=== ABOUT THIS EXERCISE ===
Before copying, set aside the pictures; then restate exactly the lines from the one with "9ct Gold Crossover Oval Creole Earrings" through the last line of the records.

=== RECORDS TO USE ===
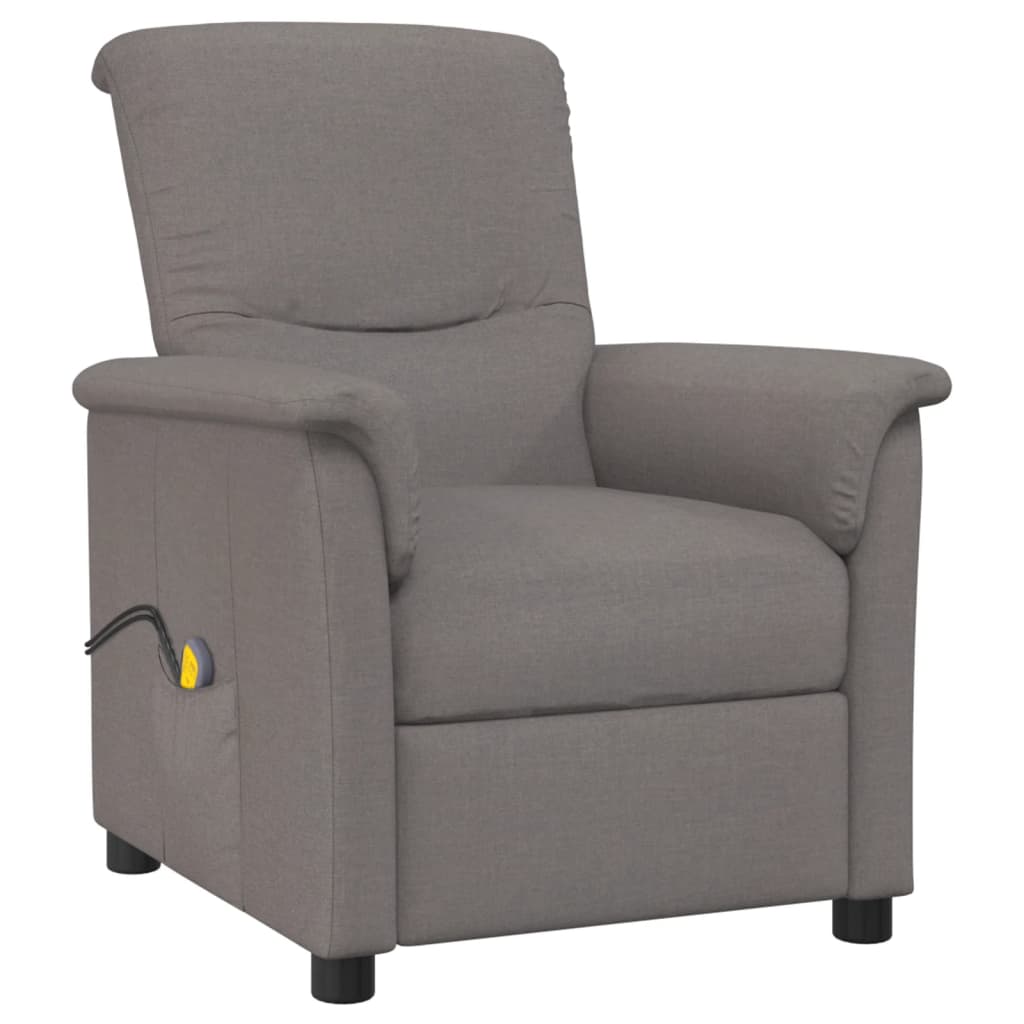 vidaXL Poltrona de massagens reclinável tecido cinzento-acastanhado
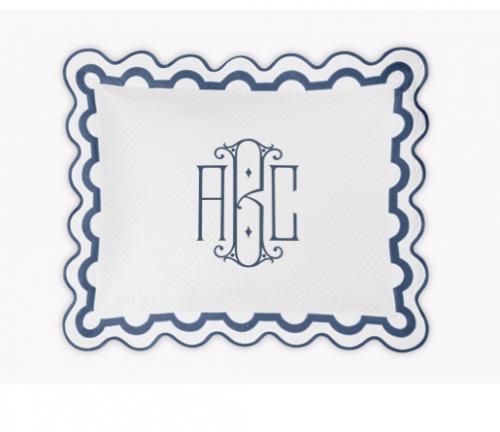 Matouk Mirasol Matelasse Standard Sham center 8" Monogram  Home & Garden > Linens & Bedding > Bedding > Pillowcases & Shams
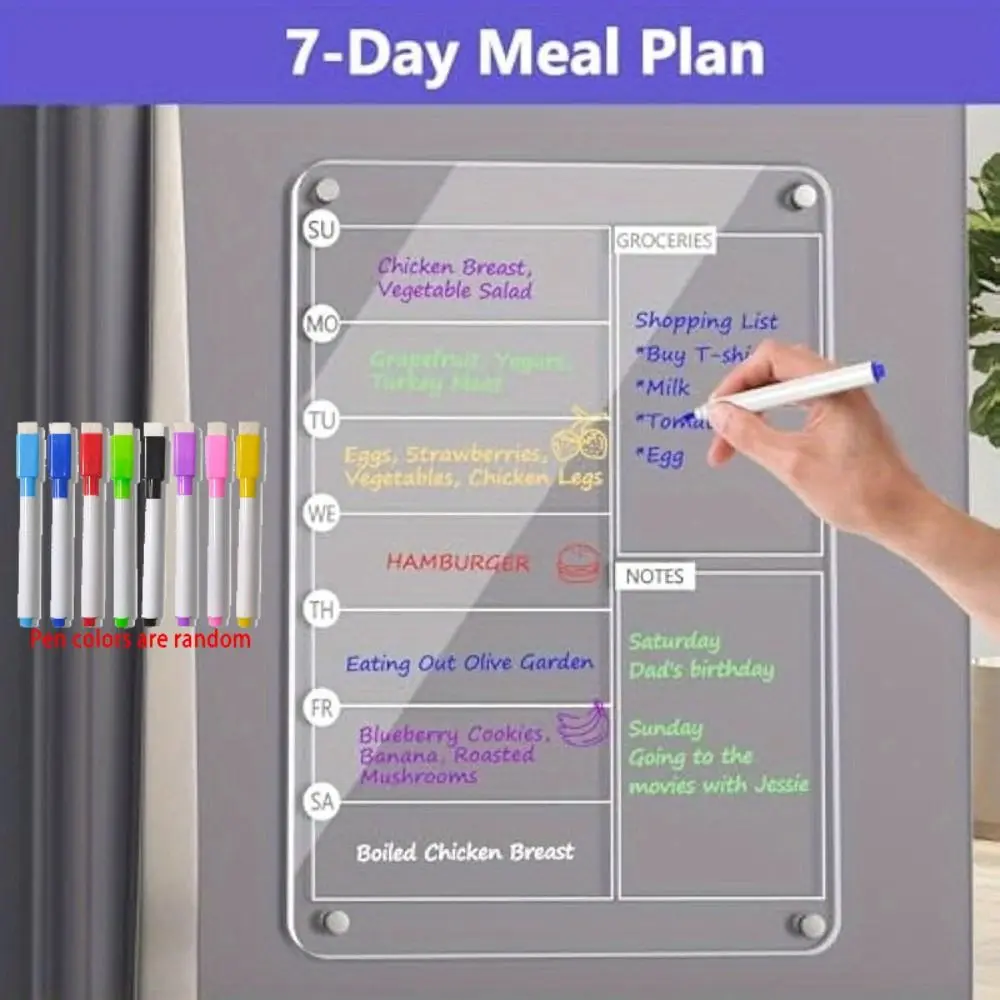 Reusable Fridge Weekly Calendar Transparent with 8 Markers Erasable Memo Board Frameless Removable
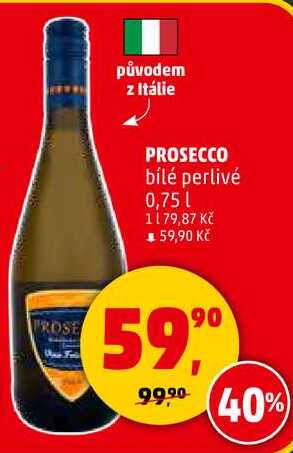 PROSECCO bílé perlivé, 0,75 l 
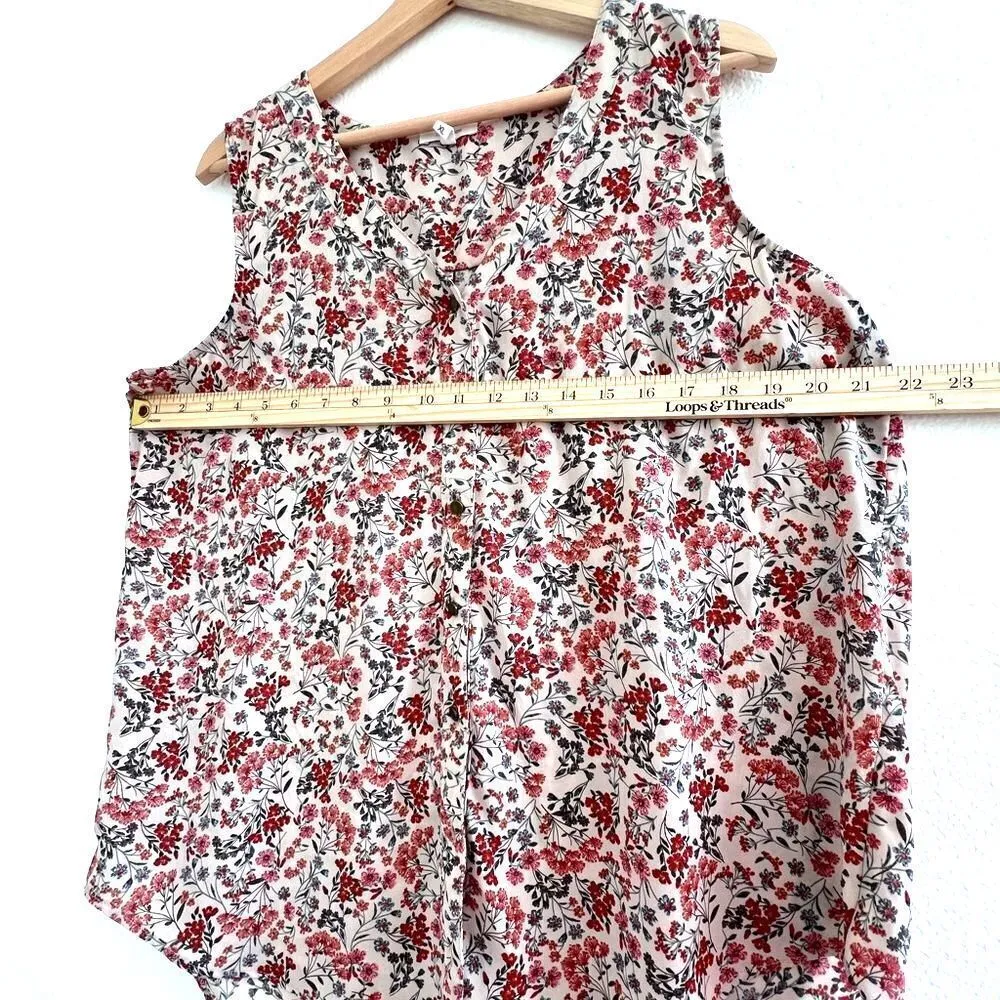 Women's floral pink top sleeveless V neck front romantic style bottom size XL - Image 5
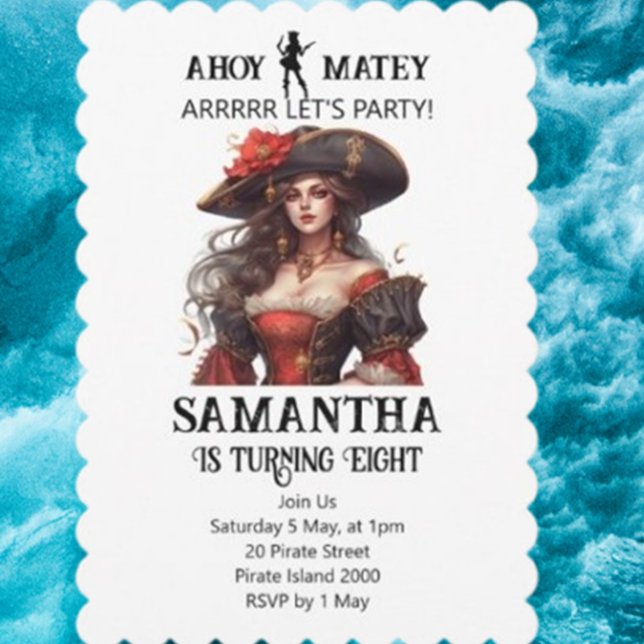 Pirate Party Red Girl Einladung (Join the Pirate Party Red birthday and make your voice heard. )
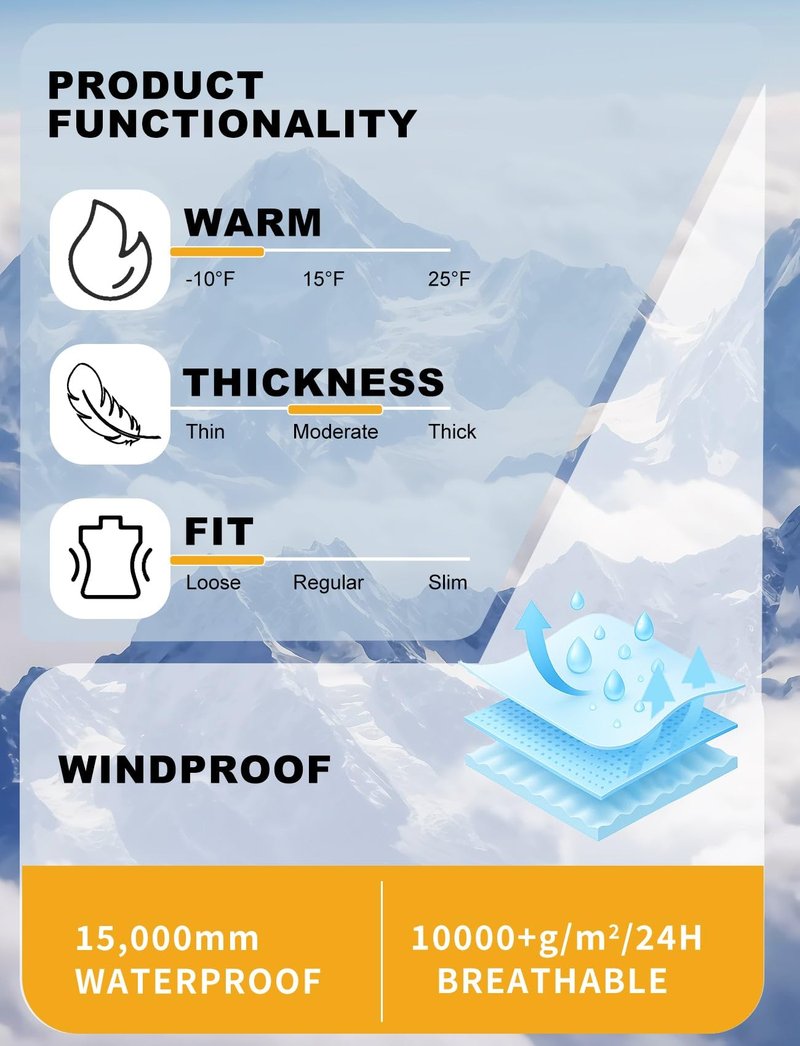 GSOU SNOW Womens Snowboard Jacket Men Snow Jacket Warm Waterproof Coat Ski Jacket for Winter Sport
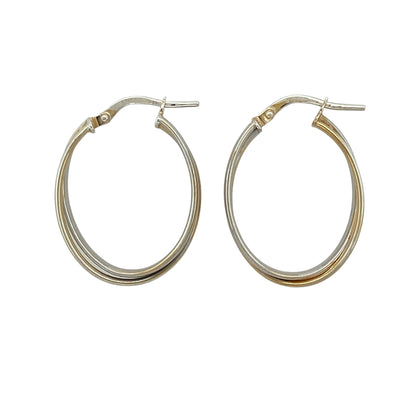 9ct Gold Crossover Oval Creole Earrings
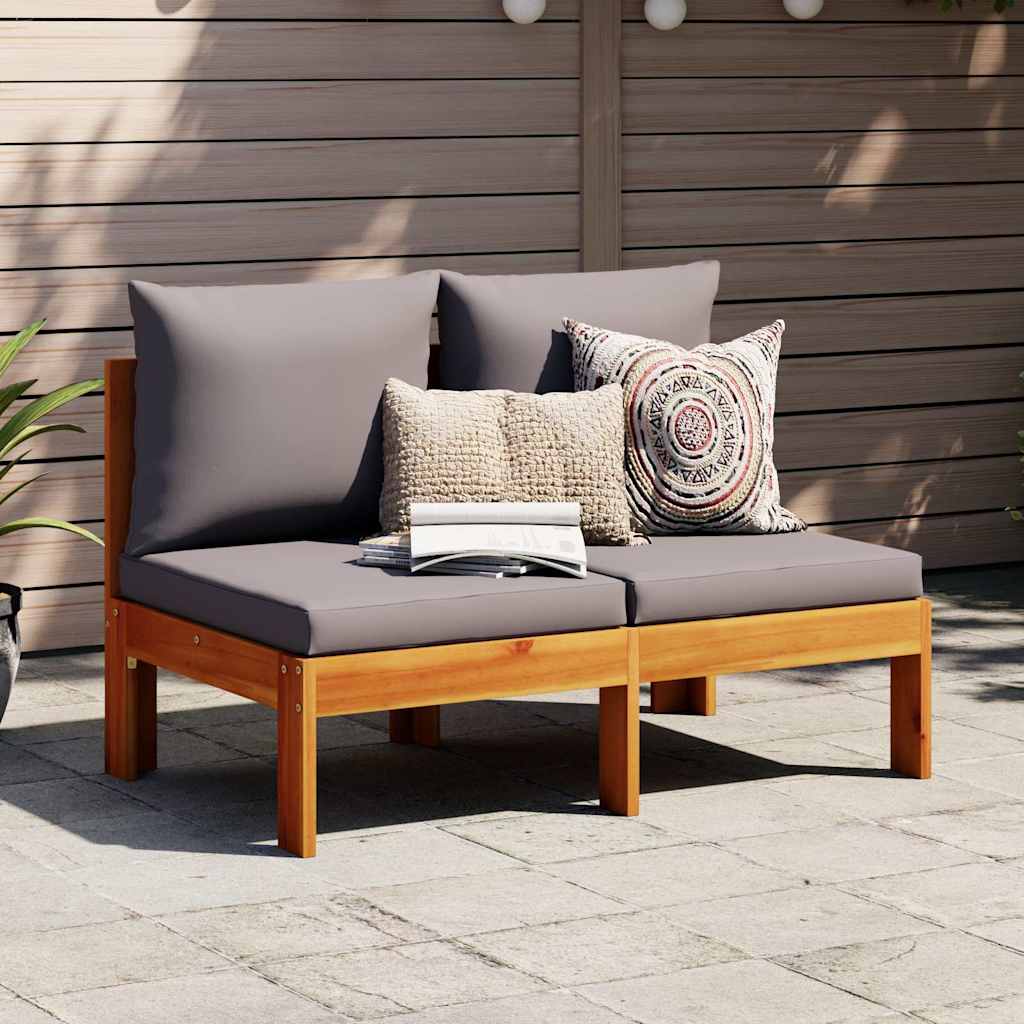 2-Sitzer Gartensofa Akazie mit Kissen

=== RESULT OF THIS EXERCISE ===
 9ct Gold Crossover Oval Creole Earrings
 2-Sitzer Gartensofa Akazie mit Kissen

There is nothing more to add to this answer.